In February this year, some of those who had mistakenly supported COOL but had no idea how onerous it would be began to recognize their folly. As a result, producers looked to the government to help explain to those who so badly wanted this law just how it would play out. Thus began what has become known as “listening sessions” in many rural parts of the United States conducted by the Agricultural Marketing Service. These sessions have been well-attended, not only by grass roots people impacted by the COOL requirement, but also by their elected officials. Earlier this week, one was held in Illinois, and I understand that House Speaker Dennis Hastert was supportive of what USDA laid out to his constituents in terms of the complicated problems.

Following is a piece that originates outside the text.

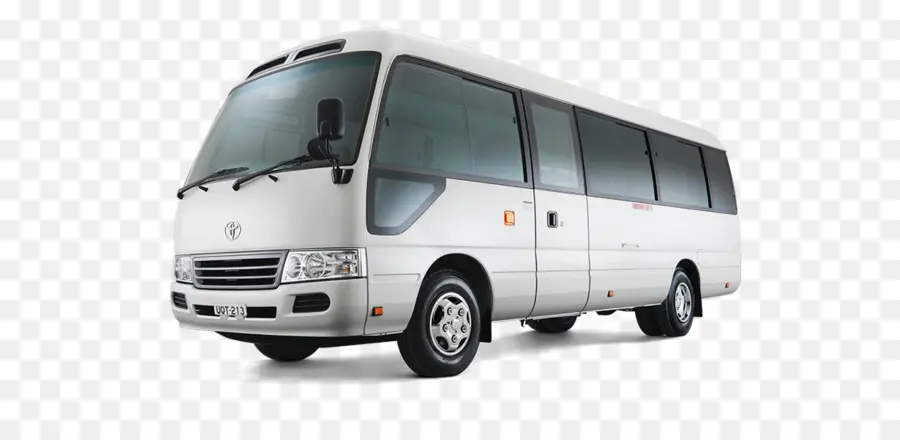 Minibus Putih，Mengangkut PNG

I’ve gone on long enough here this morning. I’m going to leave up here a copy of the portion of the 2002 Farm Bill that provides for COOL for those of you who haven’t seen it. Also, a copy of USDA’s Q&As that will answer some of your questions is here. Quite frankly, the next big move will be in the United States Senate where leading opponents have vowed to overturn the Bonilla amendment in appropriations to deny funding for COOL. Senator Dasche says: We have the votes to overturn. Senator Tim Johnson says that there are cost-efficient ways to develop mandatory regulations despite the scare talk of the meat packing industry. Senators Tom Harkin from Iowa, Max Baucus from Montana, Craig Thomas from Wyoming, Conrad Burns from Montana and Charles Grassley from Iowa represent a formidable bi-partisan coalition, supported by folks like Public Citizen, Livestock Marketing Association, and others. The lead organization supporting COOL is Ranchers-Cattlemen Action Legal Fund, otherwise known as R-CALF, supported by the Western Organization of Resource Councils.
So finally, COOL needs a legislative fix. It cannot be fixed in the regulatory arena. The legislators that need to get this done is the Club of 100 – the United States Senate. These are the guys that you need to reach to make a difference. And remember, we need only move a few votes in the middle to get the job done!
Thanks for listening this morning here in the high country of San Antonio.